Republic of Congo Presidential Candidate Dies, Covid-19

DAKAR, Senegal – The opposition leader was too sick to reach his final nominations before Sunday’s elections.

“I am fighting death,” he said weakly on Friday, removing an oxygen mask from his face to film a message addressed to citizens of the Republic of Congo. “But I ask that you get up and vote for the change.”

Three days later, hours after the election, he was dead. He had tested positive for Covid-19.

The candidate, Guy-Brice Parfait Kolélas, was trying to oust President Denis Sassou Nguesso, who has been in power for 36 years. But on Friday, Kolélas fell ill.

While voters went to the polls on Sunday, Kolélas was evacuated by air to France for treatment. But he died on the plane on the way there, his campaign director said Monday morning at a meeting of Kolélas’ political party in Brazzaville, the Congolese capital.

Credit…Reuters TV

Few observers expected Kolélas to win the election.

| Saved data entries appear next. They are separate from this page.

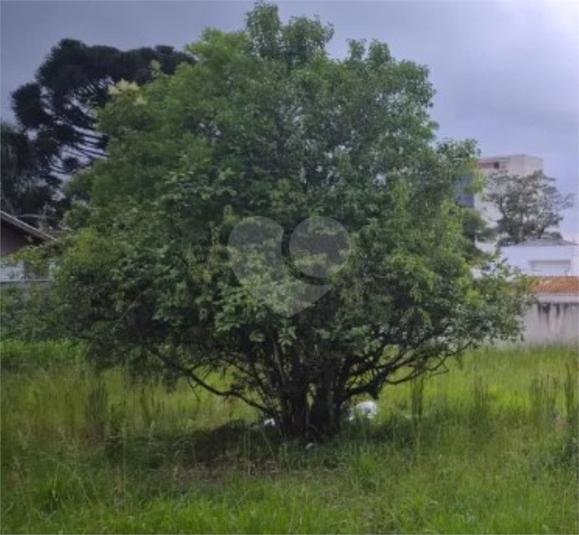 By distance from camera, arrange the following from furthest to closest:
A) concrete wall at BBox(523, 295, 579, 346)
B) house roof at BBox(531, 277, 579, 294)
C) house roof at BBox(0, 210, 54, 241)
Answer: house roof at BBox(531, 277, 579, 294) → concrete wall at BBox(523, 295, 579, 346) → house roof at BBox(0, 210, 54, 241)

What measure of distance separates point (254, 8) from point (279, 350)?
2075mm

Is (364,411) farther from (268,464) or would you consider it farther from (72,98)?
(72,98)

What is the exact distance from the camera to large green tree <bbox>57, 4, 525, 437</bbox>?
434cm

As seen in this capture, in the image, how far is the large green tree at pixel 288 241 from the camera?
4336 millimetres

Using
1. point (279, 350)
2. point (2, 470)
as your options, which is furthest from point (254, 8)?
point (2, 470)

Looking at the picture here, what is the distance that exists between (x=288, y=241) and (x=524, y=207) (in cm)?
1590

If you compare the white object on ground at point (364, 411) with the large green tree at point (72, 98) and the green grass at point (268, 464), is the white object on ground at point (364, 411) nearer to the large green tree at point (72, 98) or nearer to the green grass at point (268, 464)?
the green grass at point (268, 464)

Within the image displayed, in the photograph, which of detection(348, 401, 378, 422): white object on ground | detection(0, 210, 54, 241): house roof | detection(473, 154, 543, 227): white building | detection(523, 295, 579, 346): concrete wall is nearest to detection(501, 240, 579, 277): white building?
detection(473, 154, 543, 227): white building

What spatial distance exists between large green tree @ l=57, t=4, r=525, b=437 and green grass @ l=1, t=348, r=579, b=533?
41 centimetres

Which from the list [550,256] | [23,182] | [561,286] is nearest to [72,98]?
[23,182]

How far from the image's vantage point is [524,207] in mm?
19297

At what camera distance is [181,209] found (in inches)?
177

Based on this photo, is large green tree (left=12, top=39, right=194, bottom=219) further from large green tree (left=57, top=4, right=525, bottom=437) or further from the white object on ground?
the white object on ground

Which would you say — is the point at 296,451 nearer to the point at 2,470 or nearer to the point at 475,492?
the point at 475,492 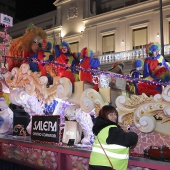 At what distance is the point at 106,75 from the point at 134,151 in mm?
1427

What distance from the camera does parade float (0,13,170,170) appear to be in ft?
13.3

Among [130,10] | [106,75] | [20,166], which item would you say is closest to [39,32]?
[106,75]

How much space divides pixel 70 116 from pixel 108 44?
17.3 metres

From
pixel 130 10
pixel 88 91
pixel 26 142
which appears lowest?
pixel 26 142

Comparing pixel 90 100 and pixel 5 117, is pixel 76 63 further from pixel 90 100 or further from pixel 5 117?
pixel 5 117

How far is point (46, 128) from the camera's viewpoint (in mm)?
5480

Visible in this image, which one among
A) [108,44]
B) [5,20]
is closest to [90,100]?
[5,20]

Still, his death is a blow to a Central African country mired in an economic crisis. The country has reported 9,564 cases of coronavirus so far and has averaged 34 new cases per day lately, according to a New York Times database. As in many countries, it is likely to be an underestimated estimate because test levels are low.

Several prominent African politicians died last year. Some, such as the right-hand man of Nigerian President Abba Kyari, and South African Minister Jackson Mphikwa Mthembu, are known to have died of Covid-19 complications. Official announcements for some others, such as President John Magufuli of Tanzania and President Pierre Nkurunziza of Burundi, said that they died of heart problems, although it is rumored that the coronavirus played a role in their deaths.

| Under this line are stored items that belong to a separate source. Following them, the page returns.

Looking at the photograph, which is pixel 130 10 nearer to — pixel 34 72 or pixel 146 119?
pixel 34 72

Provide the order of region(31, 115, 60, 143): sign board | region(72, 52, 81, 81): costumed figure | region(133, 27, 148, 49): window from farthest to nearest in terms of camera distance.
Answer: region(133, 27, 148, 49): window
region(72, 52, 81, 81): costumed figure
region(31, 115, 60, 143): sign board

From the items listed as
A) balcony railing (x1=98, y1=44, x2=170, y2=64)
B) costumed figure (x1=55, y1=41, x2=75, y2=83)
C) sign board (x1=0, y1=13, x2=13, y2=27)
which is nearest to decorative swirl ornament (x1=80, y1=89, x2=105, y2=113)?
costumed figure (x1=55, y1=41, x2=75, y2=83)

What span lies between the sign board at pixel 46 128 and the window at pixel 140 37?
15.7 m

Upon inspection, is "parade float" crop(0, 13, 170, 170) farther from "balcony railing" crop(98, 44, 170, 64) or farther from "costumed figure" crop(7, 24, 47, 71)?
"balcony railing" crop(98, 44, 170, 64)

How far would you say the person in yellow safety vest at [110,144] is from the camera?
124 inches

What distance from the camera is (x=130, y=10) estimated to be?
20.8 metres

In the video recorded on his hospital bed, Kolélas told Congolese voters that they owed their children to vote in the elections.

“To fight. I will not have fought in vain,” he said in the video. “Stand up as one people. Make me happy. I am fighting on my deathbed. You too are fighting for your change.”

The son of a former prime minister who also spent many years in the opposition, Kolélas served as Nguesso’s minister for six years. But in the race for this year’s election, he said the Republic of Congo had become a “police state”.

The internet was blocked across the country on election day, according to the monitoring organization Netblocks. Otherwise, the election seemed to proceed without incident. The results of the elections are expected later this week.

“Democracy is working in our country,” said Nguesso on Monday.

A former military officer, Nguesso came to power for the first time in 1977, after the murder of his predecessor. He lost the country’s first multi-party election in 1992, but returned to power in 1997. In 2019, the nonprofit campaign group Global Witness accused his son of stealing $ 50 million in state funds.

Almost half of the population lives in poverty in the Republic of Congo, one of the main oil producers on the African continent.